Now as you have likely experienced in your own playing, it is more challenging to bend your wrapped bass strings than it is your unwrapped G, B and E strings. And this is one of the reasons that a lot of players totally discount flat wound strings. They struggle with that wound G string and so quickly move back to round wound strings.

And this is not surprising. Personally, I would not recommend trying to play a wound G string if you are playing lead blues guitar. To play expressive lead blues guitar, you need to be able to bend and apply vibrato freely. And using a wound G string will make this a challenge.

If you do want to give it a try though, then there are various flat wound sets out there, Just a number to consider are as follows:

If you are interested in trying out flat wound strings, but you don’t want to play using a wound G string, then you can also buy a set of flat wound strings and replace the wound G string with a plain G string. This will of course increase the cost, but is an option to consider if you want the benefits of flat wound strings whilst enjoying the playability of a plain G string.

Half wound guitar strings

As you might expect, half wound or ground wound strings have characteristics that sit somewhere in the middle of round wound and flat wound strings.

They are smoother to the touch than round wound strings, and this offers benefits with regards to string noise and fret wear.

The grinding and polishing process also takes some of the brightness out of these strings. This means that they are slightly darker and more mellow sounding than round wound strings, without being quite as dark as flat wound strings.

Finally, the life span of these strings also sits somewhere in the middle of round wound and flat wound strings. The ridges in the wrap wire are not as pronounced as they are with round wound strings, and this means that dirt and small particles of skin and oil don’t permeate the core wire in the same way. This extends the life of the string and also reduces the tonal loss that you can experience with round wound strings.

As a result of these various factors, some players view half wound guitar strings as a ‘best of both worlds’ scenario. They offer some of the benefits of flat wound strings, without representing such a move away from round wound strings.

Price and availability

Up to this point, we have discussed the pros and cons of these strings ‘on paper’. And as noted above, you might be thinking that flat wound strings are the secret weapon for which you have been searching.

Yet choosing a set of guitar strings is often more challenging in practice than it is in theory. And when it comes to choosing between strings wound in different ways, I would argue that practical considerations totally change which choices make sense.

There are two specific factors that I feel have an impact on the type of strings that you should choose. And these are price and availability.

When you start to move away from standard manufacturing processes, the prices of strings increase. Round wound strings are ‘standard’ and are the cheapest types of string available. And in fact they are significantly cheaper than both half wound and flat wound guitar strings.

At the time of writing for example, a set of ‘standard’ D’Addario round wound strings in .010-.046 gauge costs £6.49. D’Addario half round strings in the same gauge cost £12,99. And D’Addario flat wound strings in a .010-.048 gauge cost £20.99.

As noted above, one of the benefits of flat wound strings is that they last longer than half round or round wound strings.
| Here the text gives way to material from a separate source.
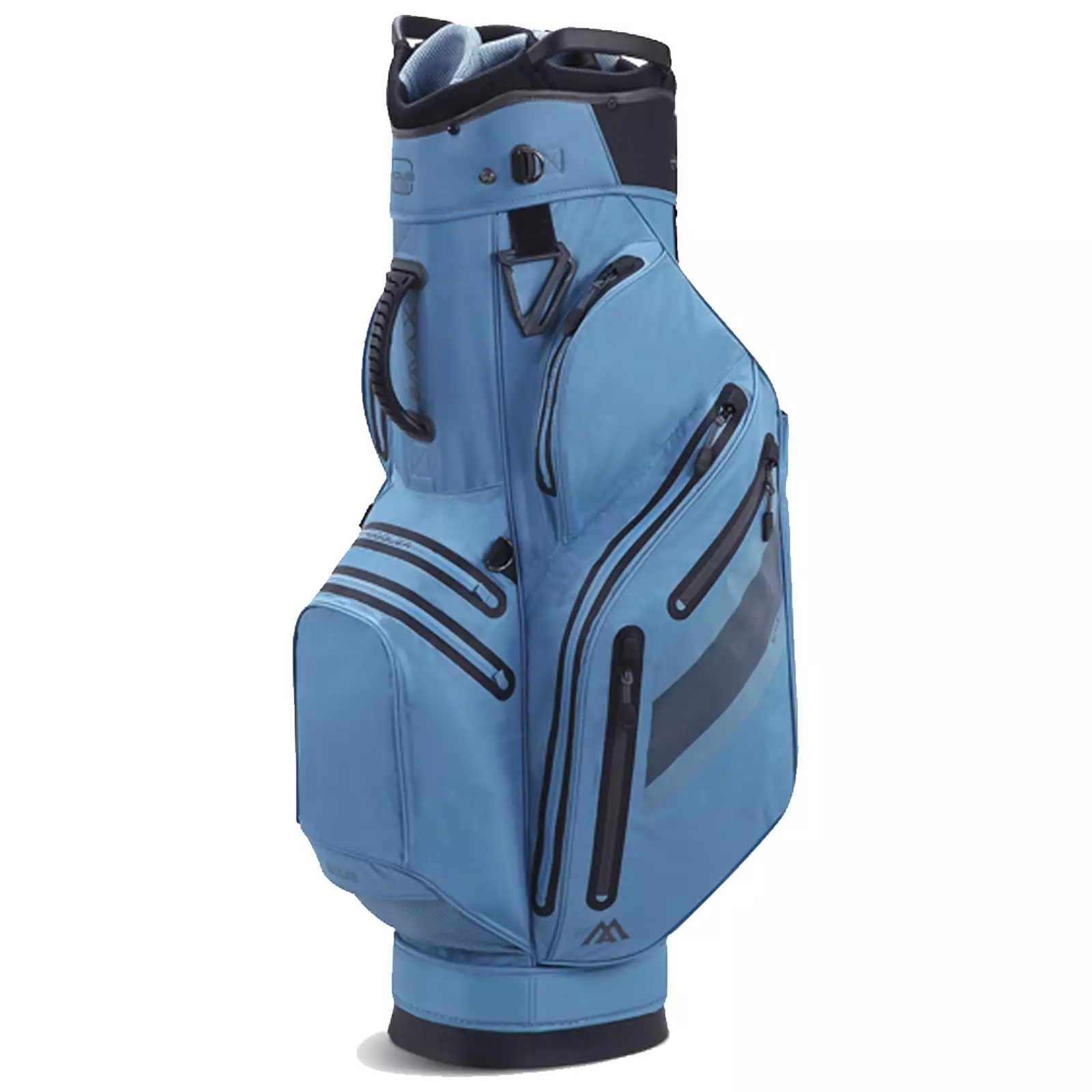 Big Max Mens Aqua Style 3 Waterproof Cart Bag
Yet they also cost 3 times as much. And so unless they also extend playing life by 3 times (which I don’t believe they do), then the ‘benefit’ of longer string life is limited to the fact that you don’t have to change your strings so often.

Not only this, but your choice is much more limited with flat wound strings. Most flat wound string sets are offered by companies focusing on jazz players. And some of the brands that are most notable within a blues guitar context - like Ernie Ball, D’Addario, DR and Curt Mangan either don’t offer flat wound sets, or offer a very limited choice.

As such, you might find that your favourite brand of string does not offer round core string sets. And depending on your brand loyalty, that might prevent you from even wanting to experiment with flat wound strings.

Further considerations

Additionally, string manufacturers do not alter and adjust elements of their strings in isolation. And this means that you cannot assess the pros and cons of different winding techniques without also looking at the other qualities and features of any given string set.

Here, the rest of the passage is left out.